@Diesel
I read the paper you posted about IHC loss and central gain. The following diagram provides me with a theory about what could happen with my problem over the course of years -- loudness hyperacusis getting worse and worse until it just breaks and I'm mostly deaf. It's not just IHC, but also the auditory nerve fibers.
Several things from your paper that I found interesting:
- Removing the third row of OHC from styrene administration does very little to decrease amplification
- The average 54 year old man has ~10% OHC loss and ~0% IHC loss, while the average 89 year old man has 10-40% OHC loss and ~10% IHC loss. There's also a huge gap in synapses lost, leading to the theory that synapse loss is a precursor to IHC loss.

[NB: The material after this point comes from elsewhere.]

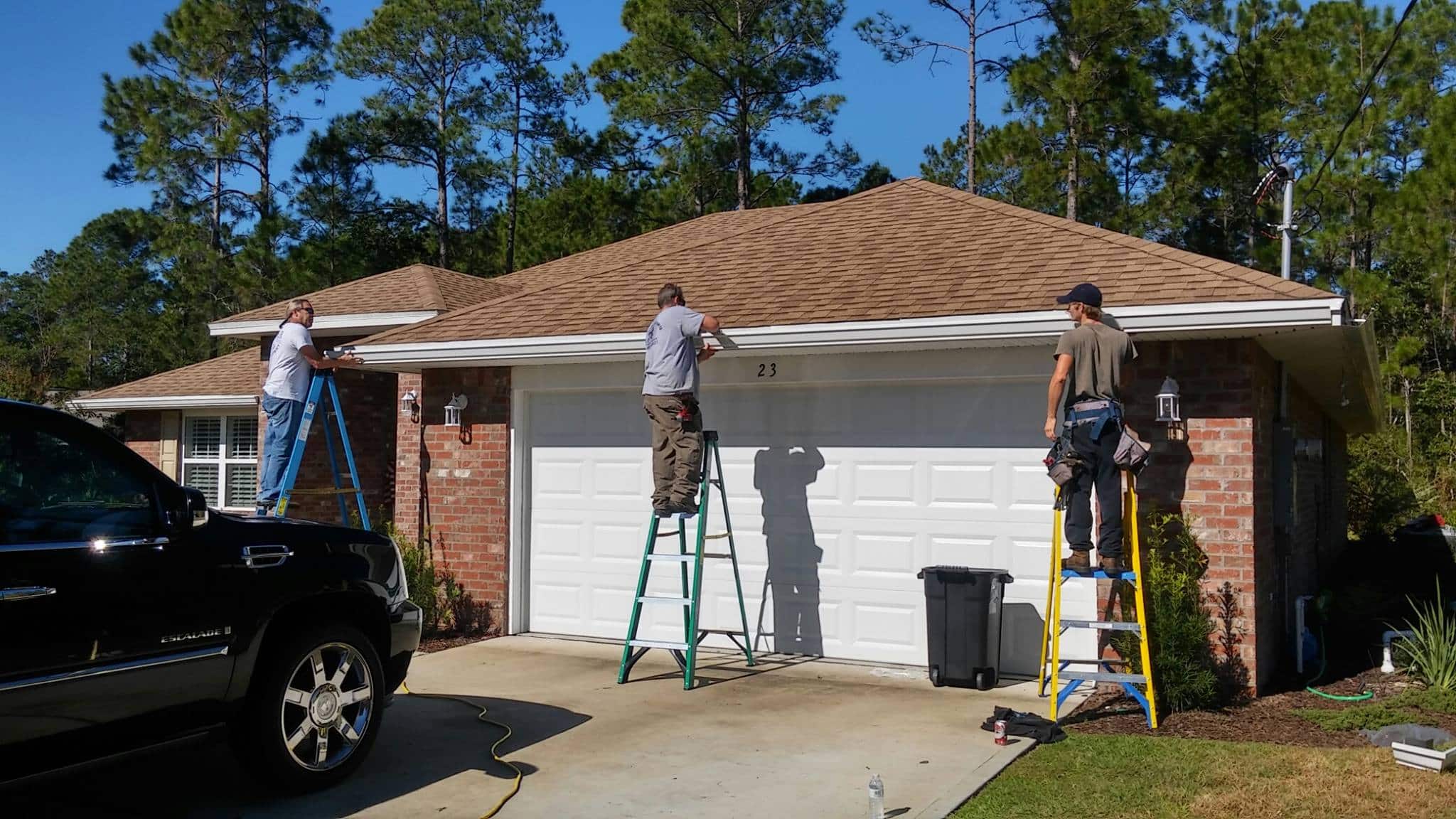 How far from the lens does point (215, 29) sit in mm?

I'm a little confused about your (and
@FGG's) theory regarding FX-322. So the hypothesis is that it
may work for IHC and do nothing or very little for OHC. If I am understanding the picture correctly, wouldn't it seem like if IHC are regrown, then the first layer of OHC will be regrown? But I thought the first two layers were the most important and the third layer wasn't.
More doubts about the severe group: Okay, sure,
if IHC really are regrown first, then this is the group that should see the most cochlear gains. But will it show up even if it was there? I ask because there seems to be a sudden difference between little IHC loss accompanied by central gain versus so much IHC loss and disastrous WR scores. Is it possible that the drug helps IHC loss a
little bit, but not enough to really do anything?
That's not a defense of the drug, as it would still be a failure. I just don't really understand how the results are going to look so beautiful.
I'm also concerned about the one person from Phase 1/2 who had plenty low enough WR to improve, but didn't at all. Their improvement easily fell within the margin of error. What is going on with this person? It's just one person, but we are also using only three people to paint the drug in a positive light.